= Ischemic cascade =

Cascading failure of the vascular system

The ischemic (ischaemic) cascade is a series of biochemical reactions that are initiated in the brain and other aerobic tissues after seconds to minutes of ischemia (inadequate blood supply). This is typically secondary to stroke, injury, or cardiac arrest due to heart attack. Most ischemic neurons that die do so due to the activation of chemicals produced during and after ischemia. The ischemic cascade usually goes on for two to three hours but can last for days, even after normal blood flow returns.

==Mechanism==
A cascade is a series of events in which one event triggers the next, in a linear fashion. Thus "ischemic cascade" is actually a misnomer, since the events are not always linear: in some cases they are circular, and sometimes one event can cause or be caused by multiple events. In addition, cells receiving different amounts of blood may go through different chemical processes. Despite these facts, the ischemic cascade can be generally characterized as follows:

1. Low blood supply decreases amount of oxygen that reaches tissues, leading to hypoxia
2. Deficiency of oxygen causes the neuron's normal process for making ATP for energy to fail.
3. The cell switches to anaerobic metabolism, producing lactic acid.
4. ATP-reliant ion transport pumps fail, causing the cell to become depolarized, allowing ions, including calcium (Ca^{2+}), to flow into the cell.
5. The ion pumps can no longer transport calcium out of the cell, and intracellular calcium levels get too high.
6. The presence of calcium triggers the release of the excitatory amino acid neurotransmitter glutamate.
7. Glutamate stimulates AMPA receptors and Ca^{2+}-permeable NMDA receptors, which open to allow more calcium into cells.
8. Excess calcium entry overexcites cells and causes the generation of harmful chemicals like free radicals, reactive oxygen species and calcium-dependent enzymes such as calpain, endonucleases, ATPases, and phospholipases in a process called excitotoxicity.

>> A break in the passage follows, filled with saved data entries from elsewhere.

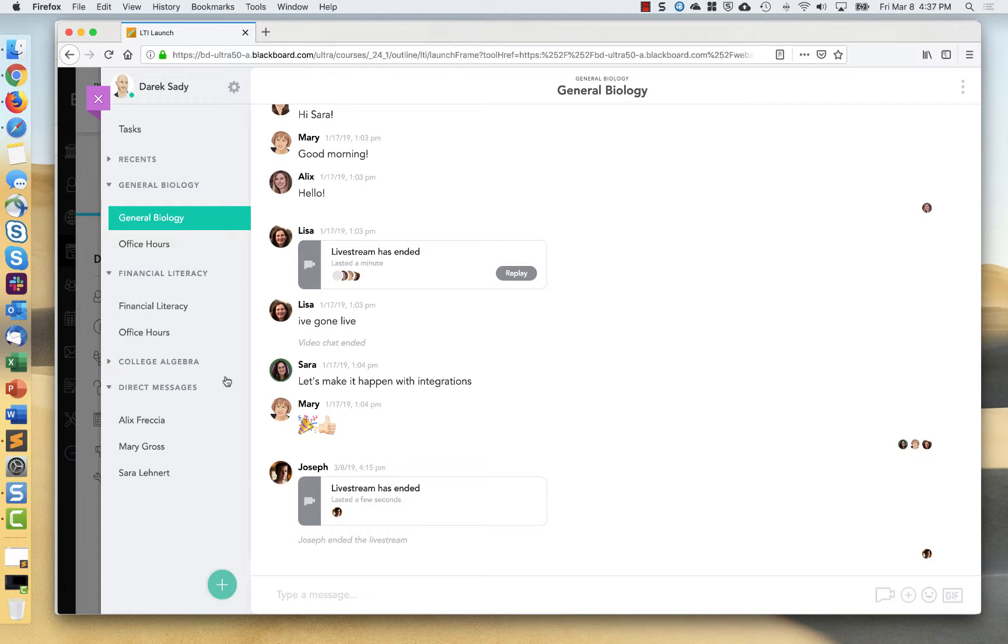And that's great for things like office hours or group projects. When students click over to Pronto, they will also see and be able to interact with any of the groups that they are a part of on the Blackboard side. There is no need for instructors to have to recreate them.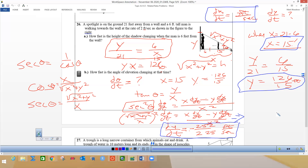I use the same y that I figured out because we're doing it when x is 15 — the same point from above. We're finding it when he is six feet from the wall.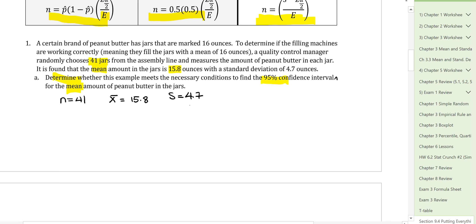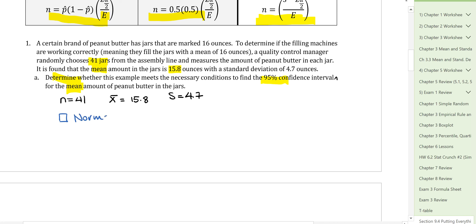Part A asks us to check the requirements for constructing a 95% confidence interval. For mean, the requirement is either that the data comes from a normally distributed population, or that n ≥ 30. Here n = 41, which is greater than 30, so the requirement is met to use the T-distribution to construct the confidence interval.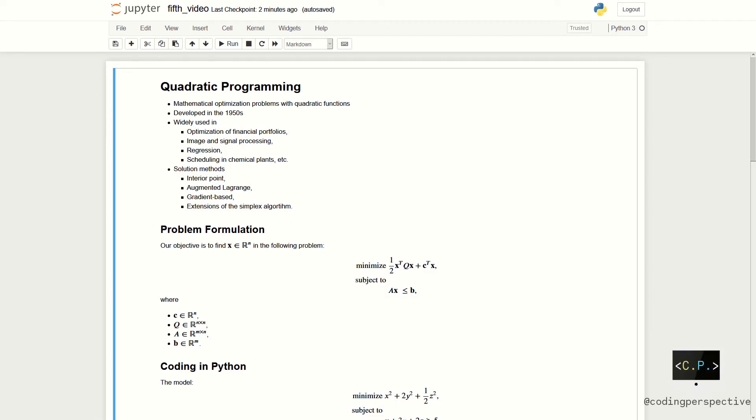Hello everyone! Welcome to our fifth video of mathematical programming in Python series. In this video we will look at one of the fundamental concepts of mathematical programming which is called quadratic programming.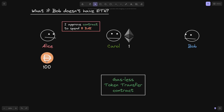Let's say that Alice wants to send 10 DAI. The first step is Alice prepares a message like before. Alice says: I approve the Gasless Token Transfer Contract to spend 11 DAI. Now, Alice wants to send 10 DAI over to Bob, so why is she signing for 11 DAI? Well, since Carol is going to be the one executing, she doesn't want to execute for free. She wants some of Alice's DAI, so the 1 DAI will go over to Carol for the transaction fee.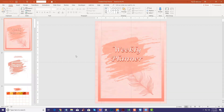Hi, it's Sue from Createful Journals. Today I'm going to show you how to resize your templates inside of PowerPoint. Your first step is to open up the template, and if you're not sure what size it is, I'll show you how to find that out.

Calcium can also cause the release of more glutamate.
9. As the cell's membrane is broken down by phospholipases, it becomes more permeable, and more ions and harmful chemicals flow into the cell.
10. Mitochondria break down, releasing toxins and apoptotic factors into the cell.
11. The caspase-dependent apoptosis cascade is initiated, causing cells to "commit suicide."
12. If the cell dies through necrosis, it releases glutamate and toxic chemicals into the environment around it. Toxins poison nearby neurons, and glutamate can overexcite them.
13. If and when the brain is reperfused, a number of factors lead to reperfusion injury.
14. An inflammatory response is mounted, and phagocytic cells engulf damaged but still viable tissue.
15. Harmful chemicals damage the blood–brain barrier.
16. Cerebral edema (swelling of the brain) occurs due to leakage of large molecules like albumins from blood vessels through the damaged blood brain barrier. These large molecules pull water into the brain tissue after them by osmosis. This "vasogenic edema" causes compression of and damage to brain tissue (Freye 2011; Acquired Mitochondropathy-A New Paradigm in Western Medicine Explaining Chronic Diseases).

==Mitigation of effects==
The fact that the ischemic cascade involves a number of steps has led doctors to suspect that cerebroprotectants could be produced to interrupt the cascade at a single one of the steps, blocking the downstream effects. Over 150 cerebroprotectants have been tested in clinical trials, leading to the approval of tissue plasminogen activator (also known as tPA, t-PA, rtPA, Activase, or Alteplase or Actilyse) in the US and other countries, and edaravone (Radicut) in Japan.